O financiamento climático segue como um dos temas centrais rumo à Cúpula de Belém. Qual é a proposta do Brasil nesse campo?
Temos duas frentes principais: a implementação do Artigo 2.1c do Acordo de Paris, que trata da reorientação de todos os fluxos financeiros para uma economia de baixo carbono, e o roadmap dos US$1,3 trilhão para o financiamento climático. Esses temas exigem a convergência entre os mundos de finanças e de clima. No caso da Amazônia, isso passa por capacitar estados e municípios a desenvolverem políticas financiáveis, com boa governança e projetos consistentes. O TFFF, por exemplo, é um instrumento inovador com potencial de ser replicado por outros países tropicais.
E, para encerrar, qual é o legado que você gostaria que a COP30 deixasse para o mundo?

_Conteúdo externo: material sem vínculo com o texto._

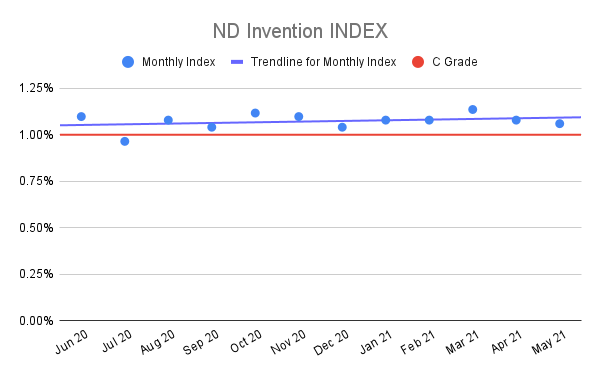 ND-Invention-INDEX-2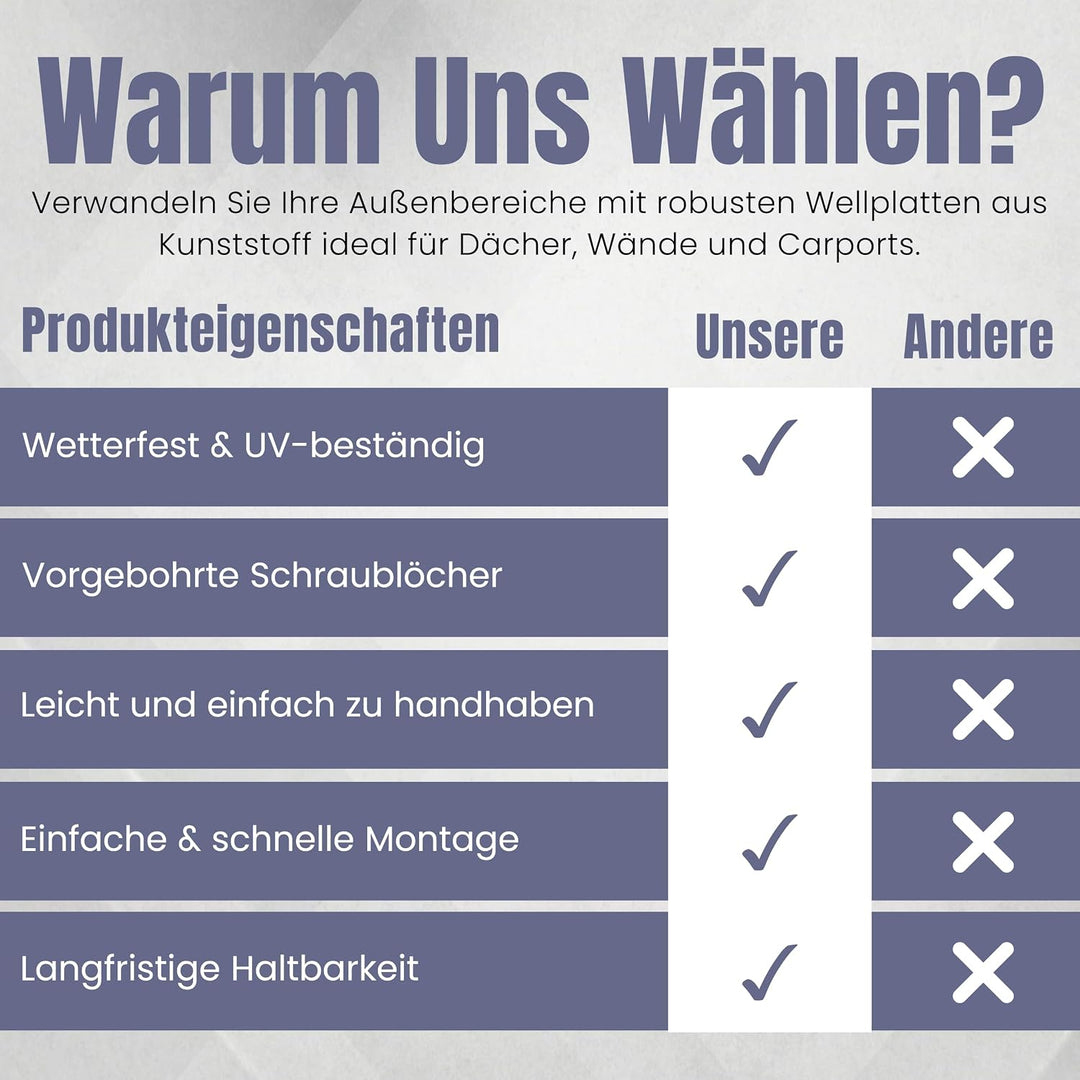 LP Projekt Wellplatten | Robuste &amp; wetterfest Wellplatten Dach Kunststoff für Garten &amp; Terrasse | St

Espero que essa COP mude o patamar da discussão sobre adaptação e natureza. O Brasil tem vivido desastres climáticos recentes, como os do Rio Grande do Sul e as secas na Amazônia. Isso nos dá autoridade e também urgência para pautar a adaptação como prioridade. O mesmo vale para a natureza. Precisamos superar a visão de floresta como algo vazio e tratá-la com um olhar integrado: biodiversidade, povos, soluções, tecnologia. Nenhum outro país tem tanto potencial para liderar esse debate quanto o Brasil.